Raffaele Mauriello, professore all’università di Allameh Tabatabai a Teheran da più di 20 anni, ha lasciato la capitale iraniana insieme ad altri 28 connazionali in una fuga notturna verso l’Azerbaigian. La decisione è arrivata dopo una serie di bombardamenti israeliani, con missili caduti in quartieri residenziali e un attacco vicino alla residenza dell’ambasciatrice italiana a Farmaniye. Il trasferimento è stato organizzato e supportato dall’ambasciata italiana. L’esodo si è svolto in un clima di tensione altissima, con difficoltà al confine e paure tra le famiglie coinvolte.

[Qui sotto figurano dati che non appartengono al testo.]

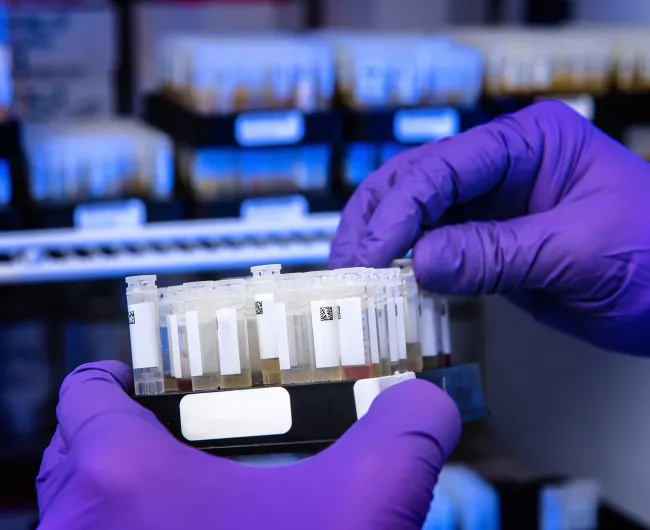 purple glove collects sample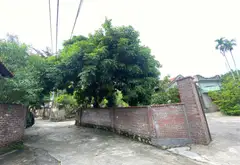 Cơ hội hiếm có tại trung tâm phát triển sôi động của Thủy Nguyên... Bán đất tại Lưu Kiếm, Hải Phòng 02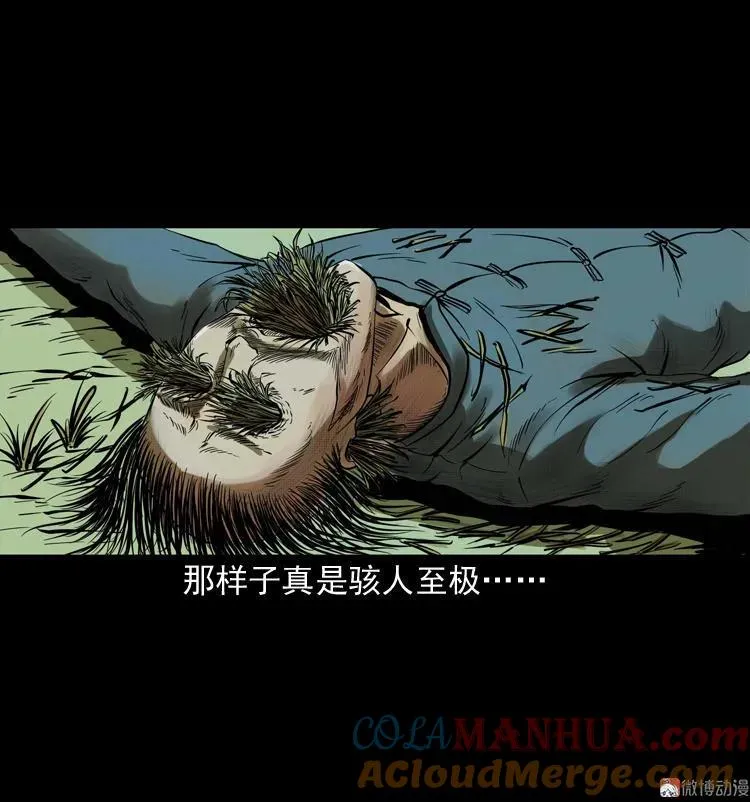 稻草人9
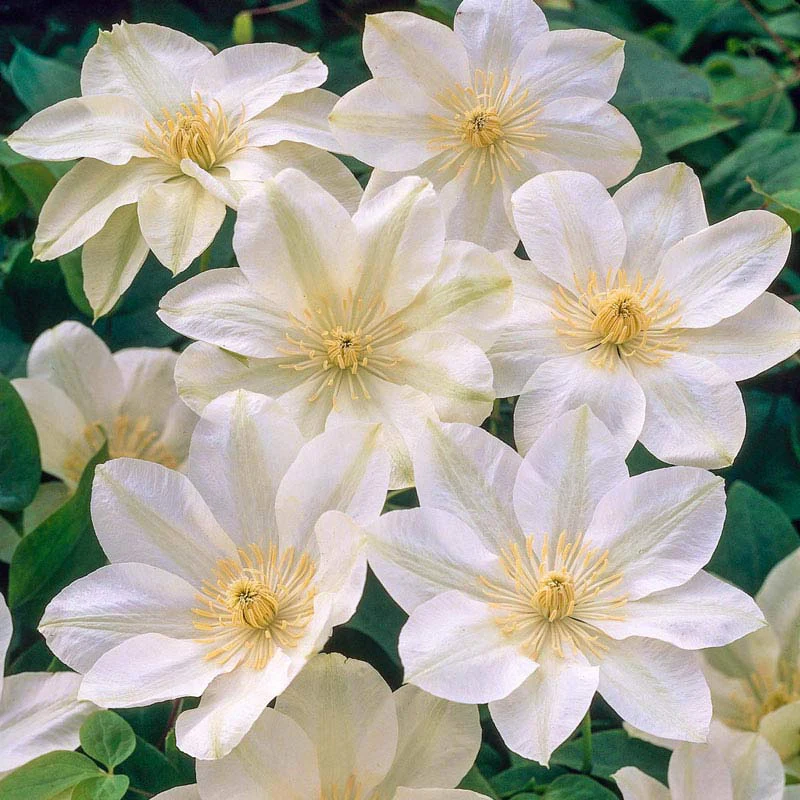 Clematis Guernsey Cream - Image 3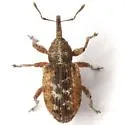 Smicronyx spretus - photo 4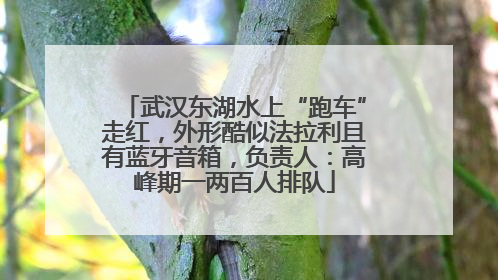 武汉东湖水上“跑车”走红，外形酷似法拉利且有蓝牙音箱，负责人：高峰期一两百人排队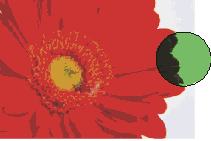 ʵѧCorelDRAW9ţͼ壩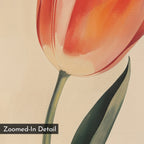 A close-up of a red and yellow tulip with green stem and leaf on a light background. A "Zoomed-In Detail" box appears, making Blush Tulip Canvas Art perfect for stylish bedroom decor or minimalist wall art collections.
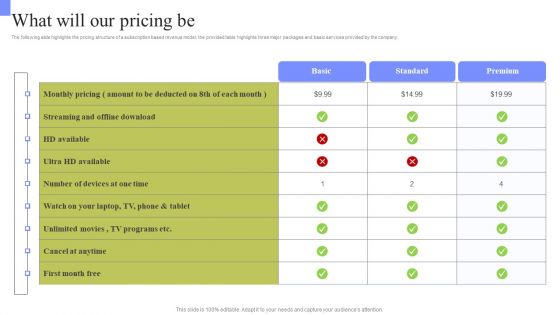 Periodic Revenue Model What Will Our Pricing Be Diagrams PDF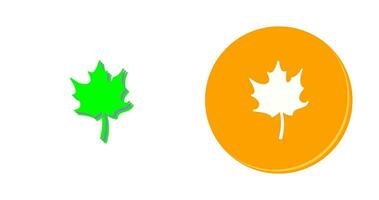 Autumn Leaf Vector Icon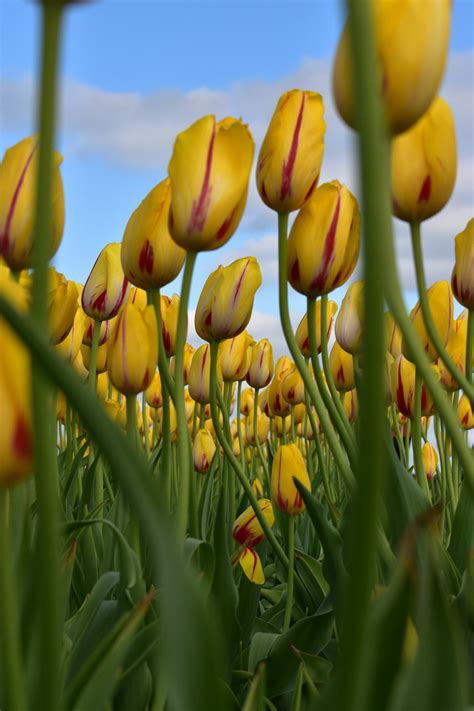 3 Terrific Texas Tulip Farms Fields Pick Your Own Lone Star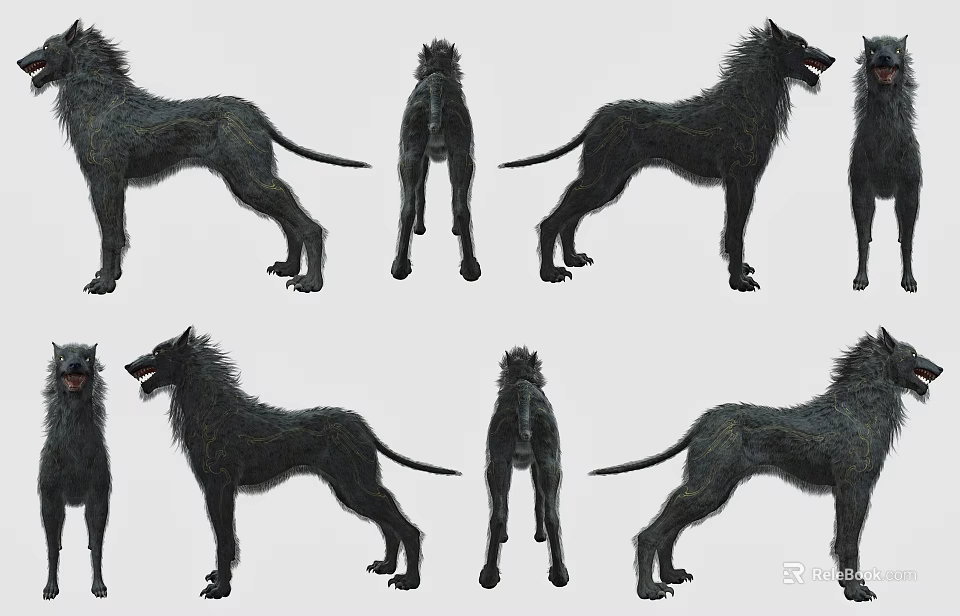 Black Wolf 3D Model Game and Movie Character With Different Angles Views 3d model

La situazione a teheran durante i raid missilistici israeliani

Negli ultimi giorni, Teheran ha vissuto un clima di forte tensione a causa dei bombardamenti israeliani che hanno colpito soprattutto zone residenziali come piazza Tajrish e viale Vali-e Asr. Tra queste, una delle più gravi è stata l’attacco vicino alla residenza dell’ambasciatrice italiana, con un missile caduto a pochi metri dall’edificio. Mauriello racconta di aver visto con i propri occhi edifici scoperchiati con missili ancora incastrati, e di conoscere persone, tra professori universitari, coinvolte direttamente negli attacchi, con alcune vittime.

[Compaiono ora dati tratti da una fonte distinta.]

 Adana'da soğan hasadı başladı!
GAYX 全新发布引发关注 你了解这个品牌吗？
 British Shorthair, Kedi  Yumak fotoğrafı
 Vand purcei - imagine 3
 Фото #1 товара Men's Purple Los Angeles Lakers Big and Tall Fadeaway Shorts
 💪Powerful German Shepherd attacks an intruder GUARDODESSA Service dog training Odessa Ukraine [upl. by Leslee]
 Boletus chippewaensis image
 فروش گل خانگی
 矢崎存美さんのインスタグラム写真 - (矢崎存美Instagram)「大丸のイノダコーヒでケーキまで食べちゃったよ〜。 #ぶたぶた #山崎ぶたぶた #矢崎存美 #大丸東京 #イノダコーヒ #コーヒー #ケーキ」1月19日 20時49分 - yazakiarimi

In città, nonostante la gravità degli eventi, la popolazione non ha manifestato forme di caos estremo. Molti abitanti hanno lasciato Teheran durante il primo giorno di festa di sabato, la settimana lavorativa iraniana parte infatti di sabato e molti hanno approfittato per allontanarsi. La percezione diffusa tra la popolazione era quella di un possibile accordo con gli Stati Uniti, una speranza che si è però infranta con l’escalation dei raid.

Il percorso notturno verso l’azerbaigian e le difficoltà al confine

La partenza degli italiani si è svolta di notte. Alle 6.30 del mattino si sono radunati davanti alla residenza dell’ambasciatrice Paola Amadei, sotto un attacco missilistico che ha colpito proprio vicino a loro causando un boato forte e momenti di panico. Il viaggio verso l’Azerbaigian è durato quasi 24 ore e ha richiesto un attraversamento a piedi del confine fra i due Paesi.

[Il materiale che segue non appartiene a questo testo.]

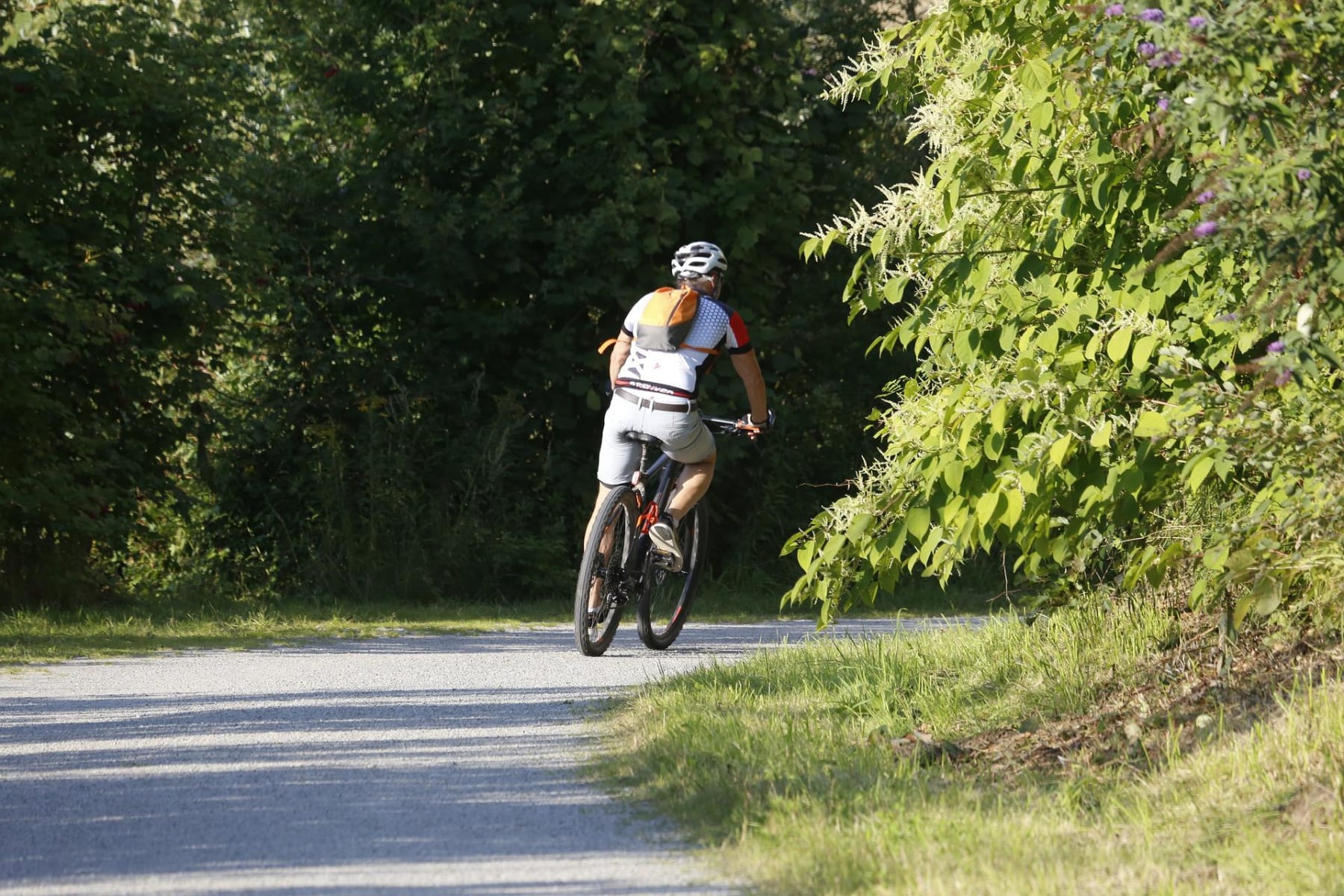 Randonnée Tourrettes - A vélo au milieu des villages provençaux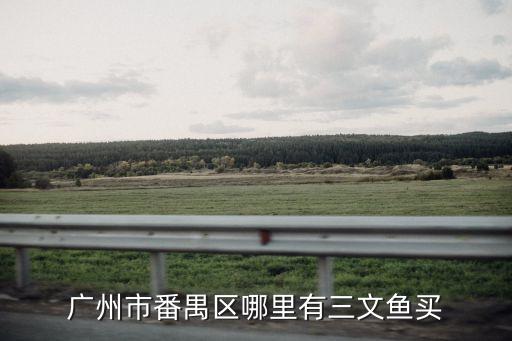 廣州市番禺區哪里有三文魚買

Al confine, le difficoltà sono state maggiori del previsto anche a causa di rapporti tesi tra Iran e Azerbaigian. Le persone sono state controllate una per una dalle autorità locali, in un’atmosfera che Mauriello paragona al film il “Ponte delle spie”. Oltre agli italiani, al confine c’erano altri gruppi di stranieri di nazionalità cinese, messicana e giapponese. Gli italiani sono arrivati a Baku alle 4 del mattino e sono stati accolti dall’ambasciatore Luca Di Gianfrancesco.

Le prospettive politiche iraniane e la preoccupazione per il futuro

Mauriello spiega che a Teheran nessuno si aspettava attacchi israeliani, soprattutto con un clima che faceva pensare a un avvicinamento diplomatico agli Stati Uniti. Si sognava la riapertura dell’ambasciata americana, chiusa a seguito della rivoluzione islamica del 1979. Ora invece la realtà mostra uno scontro diretto, con Tel Aviv che chiede esplicitamente un cambio di regime in Iran.

Il professore segnala però un quadro complesso, avvertendo che un cambio di governo non necessariamente andrà nella direzione voluta dall’Occidente. Secondo lui, a reggere il Paese in questo momento sono i Guardiani della Rivoluzione e l’esercito, che potrebbero prendere il potere in caso di crisi politica. Questa eventualità, commenta, ricorda ciò che accadde in passato in Turchia e Pakistan, con regimi militari.

L’ipotesi di un regime guidato dall’esercito iraniano preoccupa perché potrebbe risultare ancor più ostile a Israele e all’Occidente. L’attuale percorso rischia di compromettere la possibilità di un accordo graduale sul nucleare, con risultati potenzialmente più pericolosi e inaspettati. Le scelte in gioco rappresentano un rischio alto per tutta la regione, con tensioni destinate a durare ancora per molto.